Since then, I began feeling awkwark around him. I was thinking about him all day, dreaming of a relationship, and get depressed... How many times I told myself to accept, but now I know I was never comfortable with me being gay. And the past days I see that there's something that made him sad too. It made me believe even more that he is feeling the same way.

Last 2 nights there was a party, I decided to drink (which I don't usually do), I thought about him, and cried in front of people. He didn't seem to care much. The next morning I decided to tell him my feeling.

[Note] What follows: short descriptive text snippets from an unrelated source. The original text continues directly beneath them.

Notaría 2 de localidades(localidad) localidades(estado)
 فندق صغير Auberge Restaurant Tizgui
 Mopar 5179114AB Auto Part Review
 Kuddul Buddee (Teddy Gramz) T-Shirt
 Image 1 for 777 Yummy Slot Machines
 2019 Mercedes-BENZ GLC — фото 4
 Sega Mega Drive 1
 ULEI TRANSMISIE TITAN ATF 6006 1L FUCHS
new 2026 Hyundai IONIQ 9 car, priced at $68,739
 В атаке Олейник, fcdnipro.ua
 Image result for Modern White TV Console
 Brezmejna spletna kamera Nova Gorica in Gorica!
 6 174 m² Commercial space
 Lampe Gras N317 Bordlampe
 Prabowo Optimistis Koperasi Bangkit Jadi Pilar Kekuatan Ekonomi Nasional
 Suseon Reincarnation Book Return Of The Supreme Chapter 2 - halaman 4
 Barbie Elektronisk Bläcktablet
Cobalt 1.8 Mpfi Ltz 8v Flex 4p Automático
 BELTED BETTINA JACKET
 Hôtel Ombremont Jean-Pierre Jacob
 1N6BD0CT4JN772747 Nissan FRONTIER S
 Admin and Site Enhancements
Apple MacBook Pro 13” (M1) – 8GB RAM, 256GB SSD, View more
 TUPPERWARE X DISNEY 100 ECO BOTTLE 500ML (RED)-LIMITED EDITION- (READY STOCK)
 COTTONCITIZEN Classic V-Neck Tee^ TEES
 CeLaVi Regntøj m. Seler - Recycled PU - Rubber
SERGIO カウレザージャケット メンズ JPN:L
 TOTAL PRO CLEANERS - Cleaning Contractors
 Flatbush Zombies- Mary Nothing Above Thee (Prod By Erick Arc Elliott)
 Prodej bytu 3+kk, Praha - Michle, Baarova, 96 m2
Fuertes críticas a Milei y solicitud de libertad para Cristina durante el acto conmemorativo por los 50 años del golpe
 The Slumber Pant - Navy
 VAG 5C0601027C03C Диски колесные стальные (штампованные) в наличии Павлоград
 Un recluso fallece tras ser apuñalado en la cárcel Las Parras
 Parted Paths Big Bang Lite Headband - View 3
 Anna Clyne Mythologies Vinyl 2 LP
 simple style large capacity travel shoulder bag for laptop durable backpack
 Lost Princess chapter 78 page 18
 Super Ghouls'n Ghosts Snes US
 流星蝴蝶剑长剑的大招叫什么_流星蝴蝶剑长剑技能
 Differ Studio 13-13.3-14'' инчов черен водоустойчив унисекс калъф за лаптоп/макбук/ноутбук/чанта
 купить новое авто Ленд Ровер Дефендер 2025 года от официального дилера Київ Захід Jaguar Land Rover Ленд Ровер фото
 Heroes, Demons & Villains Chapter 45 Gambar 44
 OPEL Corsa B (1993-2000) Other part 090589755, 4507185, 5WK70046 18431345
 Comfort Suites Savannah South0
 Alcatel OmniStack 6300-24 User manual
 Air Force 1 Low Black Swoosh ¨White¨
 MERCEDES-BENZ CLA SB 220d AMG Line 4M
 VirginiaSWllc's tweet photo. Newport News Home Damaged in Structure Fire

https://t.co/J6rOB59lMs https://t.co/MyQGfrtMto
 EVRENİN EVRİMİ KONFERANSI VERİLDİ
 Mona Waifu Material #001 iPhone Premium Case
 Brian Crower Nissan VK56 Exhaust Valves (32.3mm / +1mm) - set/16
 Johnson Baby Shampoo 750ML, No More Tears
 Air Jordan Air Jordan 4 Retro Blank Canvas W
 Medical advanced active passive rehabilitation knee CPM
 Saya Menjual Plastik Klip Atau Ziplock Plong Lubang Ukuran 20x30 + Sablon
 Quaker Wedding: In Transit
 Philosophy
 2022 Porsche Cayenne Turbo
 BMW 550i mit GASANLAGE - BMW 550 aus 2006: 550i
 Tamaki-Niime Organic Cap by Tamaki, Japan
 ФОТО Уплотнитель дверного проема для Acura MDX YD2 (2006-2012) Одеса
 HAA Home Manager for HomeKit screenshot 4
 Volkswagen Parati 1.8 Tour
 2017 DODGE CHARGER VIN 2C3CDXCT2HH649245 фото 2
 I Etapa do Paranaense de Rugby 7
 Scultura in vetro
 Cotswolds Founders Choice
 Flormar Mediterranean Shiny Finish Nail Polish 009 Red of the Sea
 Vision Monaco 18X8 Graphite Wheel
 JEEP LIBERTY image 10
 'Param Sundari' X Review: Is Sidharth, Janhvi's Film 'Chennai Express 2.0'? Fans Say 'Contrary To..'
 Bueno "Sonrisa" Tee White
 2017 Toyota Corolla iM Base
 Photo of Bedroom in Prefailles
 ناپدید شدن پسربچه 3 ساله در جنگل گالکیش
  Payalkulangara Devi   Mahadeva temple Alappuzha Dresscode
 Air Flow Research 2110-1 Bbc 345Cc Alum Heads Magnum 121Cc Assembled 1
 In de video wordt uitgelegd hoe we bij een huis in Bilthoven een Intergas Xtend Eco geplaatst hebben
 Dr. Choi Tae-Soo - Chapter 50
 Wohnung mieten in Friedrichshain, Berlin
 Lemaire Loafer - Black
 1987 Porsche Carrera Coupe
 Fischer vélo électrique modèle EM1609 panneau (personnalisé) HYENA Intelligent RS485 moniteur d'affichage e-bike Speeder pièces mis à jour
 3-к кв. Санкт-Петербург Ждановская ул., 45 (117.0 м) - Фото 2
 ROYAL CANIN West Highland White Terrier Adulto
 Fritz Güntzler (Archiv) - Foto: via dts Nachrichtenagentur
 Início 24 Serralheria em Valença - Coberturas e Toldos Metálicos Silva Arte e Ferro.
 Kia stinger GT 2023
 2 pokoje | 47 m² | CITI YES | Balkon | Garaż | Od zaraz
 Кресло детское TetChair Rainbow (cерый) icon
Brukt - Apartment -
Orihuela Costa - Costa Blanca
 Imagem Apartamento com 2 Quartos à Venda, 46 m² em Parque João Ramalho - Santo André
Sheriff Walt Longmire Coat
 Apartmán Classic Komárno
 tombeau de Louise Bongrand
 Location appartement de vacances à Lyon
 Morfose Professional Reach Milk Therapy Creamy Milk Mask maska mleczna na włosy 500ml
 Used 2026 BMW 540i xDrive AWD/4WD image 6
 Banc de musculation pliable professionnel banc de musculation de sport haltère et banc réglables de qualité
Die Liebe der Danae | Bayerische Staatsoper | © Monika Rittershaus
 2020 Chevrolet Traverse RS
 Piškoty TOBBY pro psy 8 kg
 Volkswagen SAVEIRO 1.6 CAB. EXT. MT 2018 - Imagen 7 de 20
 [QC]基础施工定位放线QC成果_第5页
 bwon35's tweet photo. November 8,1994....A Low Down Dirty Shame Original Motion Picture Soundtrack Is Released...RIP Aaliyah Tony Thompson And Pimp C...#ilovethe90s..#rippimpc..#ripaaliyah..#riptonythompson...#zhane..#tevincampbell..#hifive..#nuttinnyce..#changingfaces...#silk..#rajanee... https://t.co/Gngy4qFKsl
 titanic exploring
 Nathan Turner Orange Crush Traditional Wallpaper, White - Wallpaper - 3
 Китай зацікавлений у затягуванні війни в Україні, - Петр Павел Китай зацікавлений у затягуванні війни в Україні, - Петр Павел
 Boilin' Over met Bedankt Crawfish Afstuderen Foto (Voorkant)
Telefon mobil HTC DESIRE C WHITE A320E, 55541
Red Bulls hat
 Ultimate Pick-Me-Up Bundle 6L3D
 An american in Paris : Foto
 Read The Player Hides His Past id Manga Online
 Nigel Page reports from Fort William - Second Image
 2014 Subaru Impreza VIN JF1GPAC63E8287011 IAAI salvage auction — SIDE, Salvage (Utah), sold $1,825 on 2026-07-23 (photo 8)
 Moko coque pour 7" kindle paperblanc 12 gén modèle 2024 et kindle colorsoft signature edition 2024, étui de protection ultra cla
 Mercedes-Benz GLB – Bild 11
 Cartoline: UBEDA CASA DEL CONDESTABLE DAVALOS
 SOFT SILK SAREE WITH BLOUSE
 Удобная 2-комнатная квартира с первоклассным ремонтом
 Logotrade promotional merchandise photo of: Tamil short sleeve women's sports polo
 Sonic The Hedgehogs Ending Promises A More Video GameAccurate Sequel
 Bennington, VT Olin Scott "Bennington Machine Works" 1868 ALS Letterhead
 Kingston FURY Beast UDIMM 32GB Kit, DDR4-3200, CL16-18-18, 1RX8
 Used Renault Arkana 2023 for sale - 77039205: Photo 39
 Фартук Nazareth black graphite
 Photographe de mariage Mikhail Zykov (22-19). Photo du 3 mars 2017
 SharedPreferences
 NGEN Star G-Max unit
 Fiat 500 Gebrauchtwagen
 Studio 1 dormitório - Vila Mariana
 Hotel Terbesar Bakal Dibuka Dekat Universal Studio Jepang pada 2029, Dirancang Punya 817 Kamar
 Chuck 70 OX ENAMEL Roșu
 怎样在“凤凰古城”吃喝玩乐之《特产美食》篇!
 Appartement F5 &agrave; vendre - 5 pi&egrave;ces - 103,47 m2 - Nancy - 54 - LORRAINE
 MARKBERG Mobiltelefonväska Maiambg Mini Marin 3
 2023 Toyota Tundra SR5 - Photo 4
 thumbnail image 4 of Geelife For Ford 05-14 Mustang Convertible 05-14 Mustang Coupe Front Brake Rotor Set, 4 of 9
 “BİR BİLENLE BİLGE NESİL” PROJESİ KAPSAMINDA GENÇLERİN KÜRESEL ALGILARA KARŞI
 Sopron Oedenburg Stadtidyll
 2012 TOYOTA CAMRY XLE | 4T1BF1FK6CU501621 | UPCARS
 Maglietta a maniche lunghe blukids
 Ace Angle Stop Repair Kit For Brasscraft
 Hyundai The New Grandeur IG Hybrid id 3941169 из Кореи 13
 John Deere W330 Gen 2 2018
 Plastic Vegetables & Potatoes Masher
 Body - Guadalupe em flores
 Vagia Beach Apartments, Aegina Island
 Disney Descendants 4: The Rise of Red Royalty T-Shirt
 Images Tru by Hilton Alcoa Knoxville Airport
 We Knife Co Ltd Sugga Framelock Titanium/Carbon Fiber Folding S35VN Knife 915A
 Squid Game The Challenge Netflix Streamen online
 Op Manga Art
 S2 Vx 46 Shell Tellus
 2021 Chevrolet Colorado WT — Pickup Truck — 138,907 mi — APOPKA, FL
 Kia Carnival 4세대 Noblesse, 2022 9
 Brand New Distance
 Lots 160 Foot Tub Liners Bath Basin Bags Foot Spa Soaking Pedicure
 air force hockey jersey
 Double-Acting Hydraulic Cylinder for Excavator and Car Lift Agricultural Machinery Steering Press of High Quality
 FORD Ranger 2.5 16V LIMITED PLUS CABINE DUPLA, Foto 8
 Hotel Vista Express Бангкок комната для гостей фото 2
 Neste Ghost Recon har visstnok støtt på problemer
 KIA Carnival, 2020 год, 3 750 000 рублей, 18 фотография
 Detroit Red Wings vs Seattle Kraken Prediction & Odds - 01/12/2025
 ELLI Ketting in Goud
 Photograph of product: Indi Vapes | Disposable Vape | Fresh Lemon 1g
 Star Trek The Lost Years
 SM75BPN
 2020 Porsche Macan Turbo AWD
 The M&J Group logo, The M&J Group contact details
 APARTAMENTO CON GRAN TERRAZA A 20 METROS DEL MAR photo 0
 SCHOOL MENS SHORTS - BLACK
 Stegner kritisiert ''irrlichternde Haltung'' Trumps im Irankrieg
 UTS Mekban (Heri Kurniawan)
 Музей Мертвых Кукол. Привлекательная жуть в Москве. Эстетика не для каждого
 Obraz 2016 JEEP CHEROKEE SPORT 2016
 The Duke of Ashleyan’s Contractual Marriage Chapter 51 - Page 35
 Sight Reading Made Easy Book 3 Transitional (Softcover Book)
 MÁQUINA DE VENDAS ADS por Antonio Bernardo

I told him I liked him for a long time, and that also means I'm gay. But he said he's "a normal person". The reason he's been sad the past days is because he's just recently break up with his girlfriend in his home city. He began telling me the story between him and his past girlfriend, (Fuck, before he once said he really appriciates the girls' beauty but never had one girlfriend - don't know where I should believe), tell me it's normal, and he's willing to talk to me, be a psychologist of mine...

Well I've been so depressed for the past 2 days, just lying in my bed and thinking around. But feel a little better now. Guess I need some time to get over this, and continue to live this lonely life.

peaceNlove
May 6th, 2013, 01:10 AM
That's so awesome that you came out! I came out to only two people that i personally know so far. Ill eventually come out to other people im getting closer to. This site is the first public place i came out on but no one i know in my personal life goes on here. But sorry about the guy you like:/ tbh it sounded to me like he is gay but is not as open to it as you are starting to be. I say give this time and maybe he'll feel comfortable and if he isn't gay, there are other fish in the sea.

johnsmith1
May 6th, 2013, 05:57 AM
It's a shame that he's not quite openly shown the same feeings towards you as you do to him. It's nice that he's willing to talk with you - some could be cruel and throw that back at you. Just talk with him - it sounds like you just need to clear the air and get the wiight off your shoulders.